SOURCE DATA:

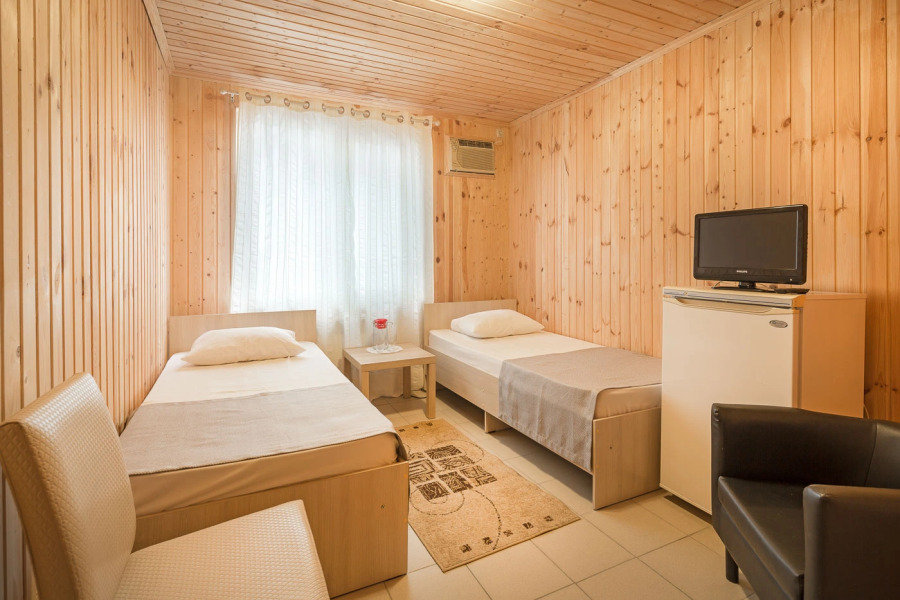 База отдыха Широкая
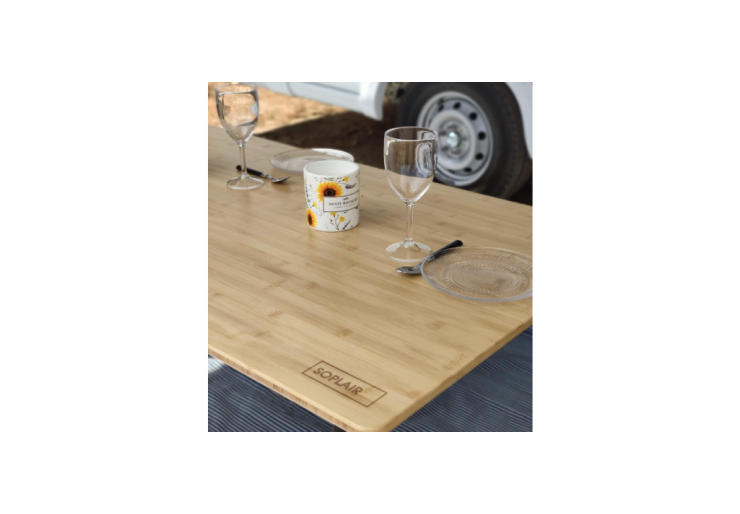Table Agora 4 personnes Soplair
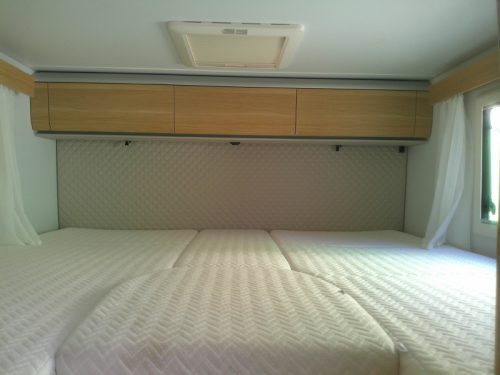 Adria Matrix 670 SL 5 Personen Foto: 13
...
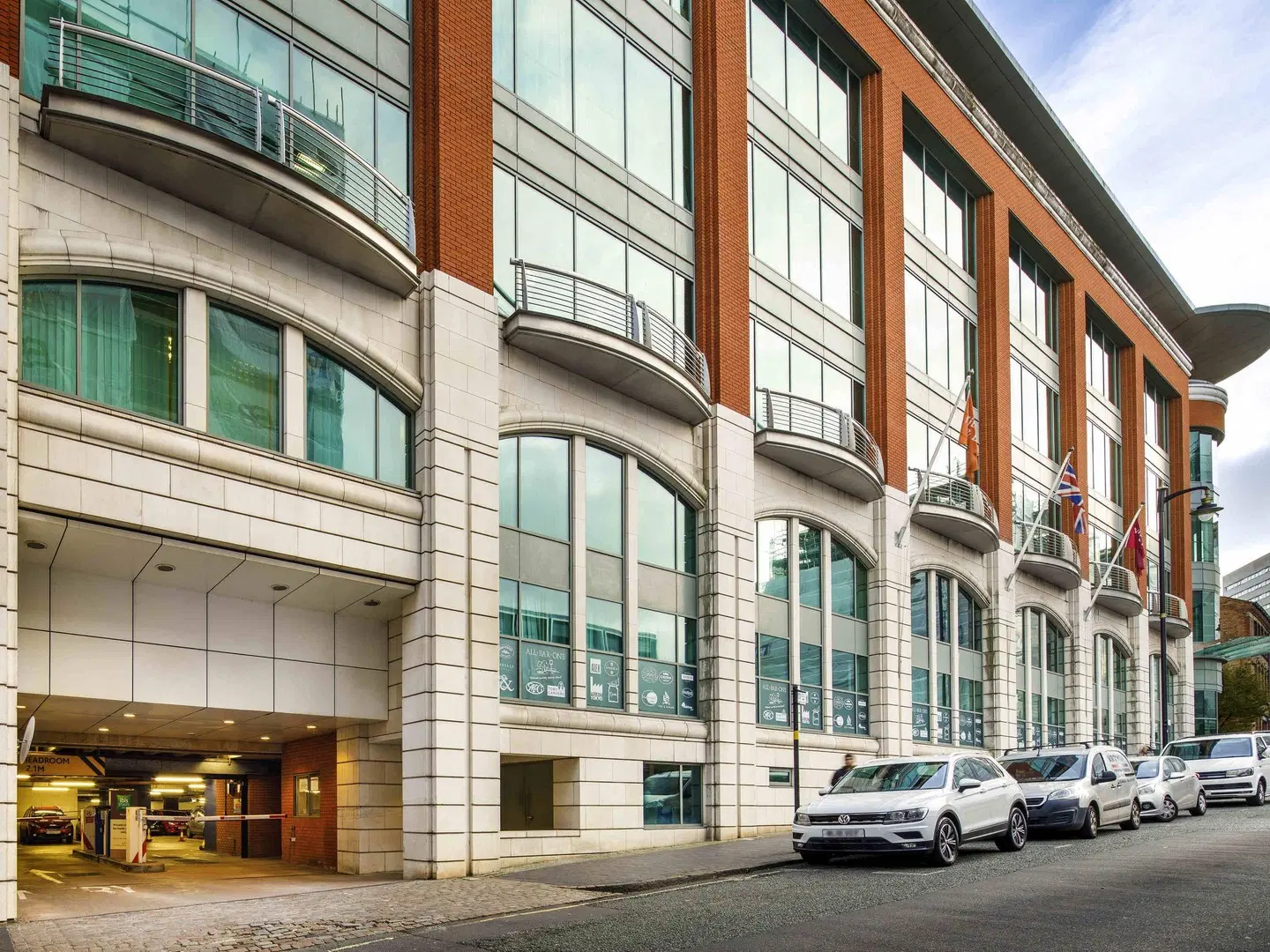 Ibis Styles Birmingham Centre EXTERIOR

EXERCISE AIM: Transcribe only the lines above that start at the line containing "База отдыха Широкая" and end at the line containing "Adria Matrix 670 SL 5 Personen Foto: 13". Omit pictures.

ANSWER BOX:
 База отдыха Широкая
Table Agora 4 personnes Soplair
 Adria Matrix 670 SL 5 Personen Foto: 13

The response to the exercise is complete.